━━━━━ Data shown

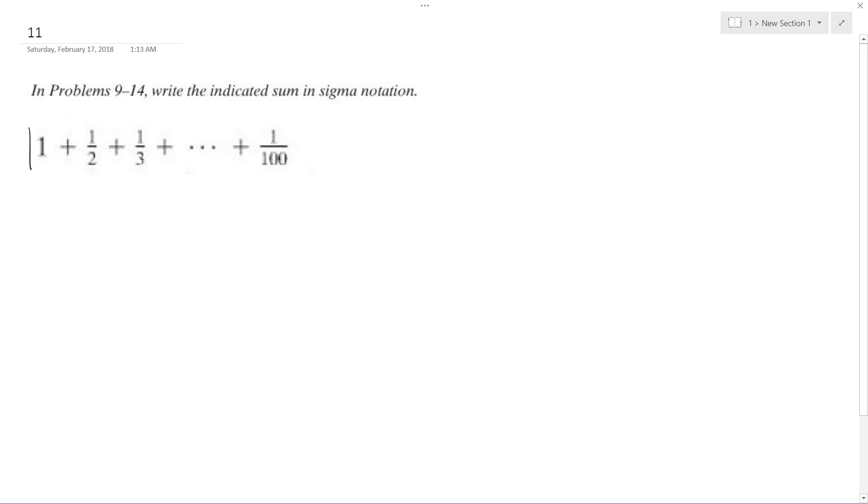we start off at 1, and if you think about it, each successive value in this summation, 2, 3, on and on, it's below.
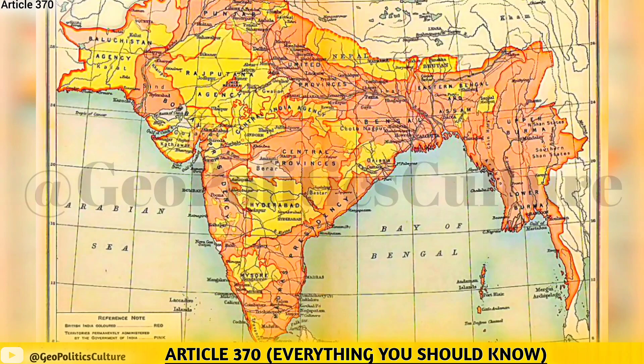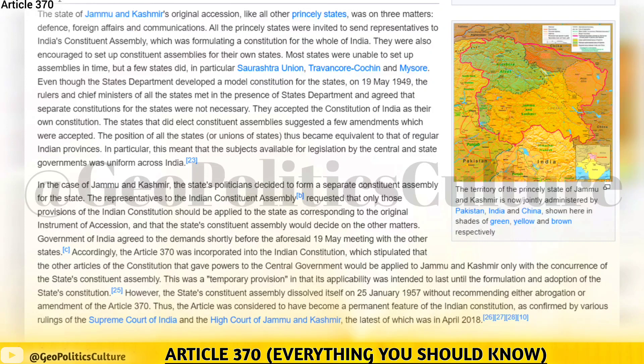However, the state's constituent assembly dissolved itself on January 25, 1957, without recommending either abrogation or amendment of Article 370. Thus, the article was considered to have become a permanent feature of the Indian constitution, as confirmed by various rulings of the Supreme Court of India and the High Court of Jammu and Kashmir, the latest of which was in April 2018.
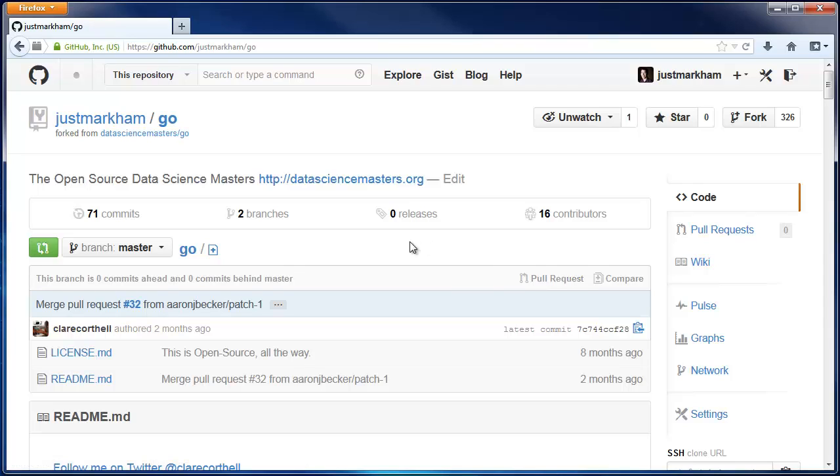So, to be clear, once you've forked a repo, your fork does not automatically stay in sync with the original upstream repo. I'll show you in a future video how to sync your fork with the upstream.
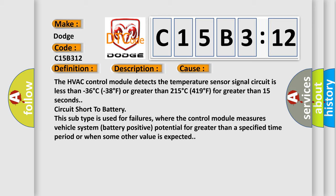The HVAC control module detects the temperature sensor signal circuit is less than -36°C (-38°F) or greater than 215°C (419°F) for greater than 15 seconds - circuit short to battery. This subtype is used for failures where the control module measures vehicle system battery positive potential for greater than a specified time period or when some other value is expected.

━━━━━━━━━━

Your task >> With the pictures left out, return all the material above exactly.

Written response >>
we start off at 1, and if you think about it, each successive value in this summation, 2, 3, on and on, it's below.
However, the state's constituent assembly dissolved itself on January 25, 1957, without recommending either abrogation or amendment of Article 370. Thus, the article was considered to have become a permanent feature of the Indian constitution, as confirmed by various rulings of the Supreme Court of India and the High Court of Jammu and Kashmir, the latest of which was in April 2018.
So, to be clear, once you've forked a repo, your fork does not automatically stay in sync with the original upstream repo. I'll show you in a future video how to sync your fork with the upstream.
The HVAC control module detects the temperature sensor signal circuit is less than -36°C (-38°F) or greater than 215°C (419°F) for greater than 15 seconds - circuit short to battery. This subtype is used for failures where the control module measures vehicle system battery positive potential for greater than a specified time period or when some other value is expected.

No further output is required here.